= Supplier convergence =

Business model

Supplier convergence is a business model in which a company offers a combination of services or products that were previously supplied by separate companies. It is not to be confused with product convergence, where one product combines and replaces several others; rather, supplier convergence happens primarily through mergers and acquisitions, or through the expansion of larger companies into areas previously dominated by specialty businesses.

==In retail==
Supplier convergence in the retail industry is often described as the creation and growth of, literally, "one-stop shopping" (Slywotzky et al. 1999), epitomized by retail giants such as Wal-Mart, whose outlets offer a wide range of products in an attempt to make competing specialty stores obsolete. Essentially, each section in large department stores, such as hardware, electronics, and clothing, consequently aims to replace competing businesses specializing in just one of those areas.

While the above example deals with the combining of many different categories of products, supplier convergence can also occur with just one primary product. Examples of this trend would be the growth of book superstores such as Borders and Chapters, who have replaced many independent bookstores not by offering different products, but by offering a greater number of books that only several smaller stores combined could match.

==In the technology industry==
The boom of technology and the internet in recent years has been a key factor behind the trend of supplier convergence. The bundling of products together is a prime example of how a telecom/entertainment company could exploit the convergence pattern to their advantage. By offering triple play discounts to customers who subscribe to a number of services such as land-line telephone, wireless phone, internet, and digital cable, companies are encouraging customers to receive all these services from a single company rather than several different ones. The expansion of wireless networks is also a factor in supplier convergence, as one national or international wireless phone company could replace many localized ones (InterTradeIsland 2002).

Websites provide another example of supplier convergence, often with regards to services rather than products. Mega-search sites such as Google and Yahoo have expanded from their humble beginnings as search engines to comprehensive information portals offering news, weather forecasts, and financial services. In doing so, they have created websites that replace or combine the services of many other specialized sites.

==Convergence pattern==

A 2004 paper published by Microsoft explains what it calls the "convergence pattern" (Trowbridge et al. 2004); that is, the process that businesses must go through in order to achieve supplier convergence. The convergence pattern consists of three main steps:

1.	"Successfully promote your product offerings"
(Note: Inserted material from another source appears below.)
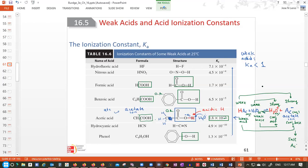Acetic acid is what we're going to use for most of our examples. It's the main component of vinegar — you may remember from Chem 11 when you did a titration of vinegar to find the concentration, which is around five to six percent acetic acid. It's produced mainly by bacteria.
2.	"Emphasize the portions of the chain which command the highest perceived value"

3.	"Upgrade your delivery of the lower value products"

==Benefits==

Supplier convergence, when properly executed, can provide benefits to both companies and customers. The 2004 Microsoft paper by Trowbridge et al. singles out mergers and "bundling" as a particularly positive aspect of supplier convergence. By merging, it says, companies can increase their overall efficiency; that is "the cost of performing multiple business functions simultaneously should prove to be more efficient than performing each business function independently, and therefore drive down overall costs" (Trowbridge et al. 2004). This can also prove beneficial to the customers, as they can often receive a number of services and products at a better value from one company than from several smaller ones. The convergence of information suppliers, such as websites, also offers the public the ability to view and receive information from one source.

==Drawbacks==

A key drawback to supplier convergence is that one of the main concepts of it is to force smaller companies into mergers or out of business by replacing or threatening to replace them with one large company offering different products or services. Wal-Mart and Borders, two of the superstores cited above, have received criticism for forcing local, independent stores out of business by offering convenience and prices that smaller retail stores would not be able to match. For many, this is a concerning trend, as it means local retail outlets will continue to be replaced with large, multinational firms.
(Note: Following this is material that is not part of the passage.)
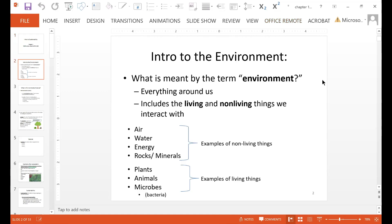So what is meant by the term environment? Environment is basically everything that is around us. It includes living and non-living things that we interact with. Some examples of non-living things would be air, water, energy, rocks and minerals, and some examples of living things would be plants, animals and microbes, such as bacteria.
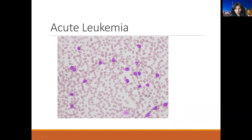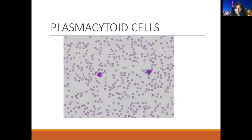These are APL blasts with Auer rods — clumped, folded, and reniform nuclei. In this image, there is lymphocytosis and I'm hardly seeing any platelets — so there is thrombocytopenia and leukocytosis. These cells have a high N:C ratio and I'm not seeing any Auer rods, so this is quite diagnostic of acute leukemia. Again, we need to compare with flow cytometry for the phenotype of these blasts.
A drawback to supplier convergence from a business's perspective can occur when a company applies convergence in such a way that makes it inconvenient for customers, and thus backfires on the company. For example, Belgian telecom company Belgacom decided in the late 1990s to combine fixed and mobile phone services into a single subscription. The plan failed, however, when customers wanted to keep these services separate and the company had technical difficulties in producing a single bill for two services (Shankar 2003).
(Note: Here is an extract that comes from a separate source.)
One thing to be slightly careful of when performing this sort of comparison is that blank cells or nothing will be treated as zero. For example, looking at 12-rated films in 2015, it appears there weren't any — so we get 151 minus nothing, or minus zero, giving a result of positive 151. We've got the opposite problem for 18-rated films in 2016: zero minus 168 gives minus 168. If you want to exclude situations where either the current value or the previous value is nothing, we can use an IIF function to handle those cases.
==Supplier deconvergence==

Although much more rare than supplier convergence, supplier deconvergence occurs when a company offering several services or products breaks into a number of smaller companies specializing in a specific service or product (InterTradeIreland 2002). This may occur as part of a restructuring process for companies, or may be a strategic decision to associate different companies with specific services or products.

==Similar types of convergence==

As noted in the definition above, supplier convergence is not to be confused with product convergence, which occurs when two or more different products "evolve […] over time to the point where they overlap and address the same customer need" (Slywotzky et al. 1999). Supplier convergence does not reduce the number of products or services available, but merely the number of companies offering them.

Another type of convergence is known as complementor convergence. This takes place when two or more companies become allies or form strategic partnerships in order to drive out other competitors. This is not supplier convergence because they are not merging and forming a united line of products, but simply complementing each other with a business partnership (Slywotzky et al. 1999).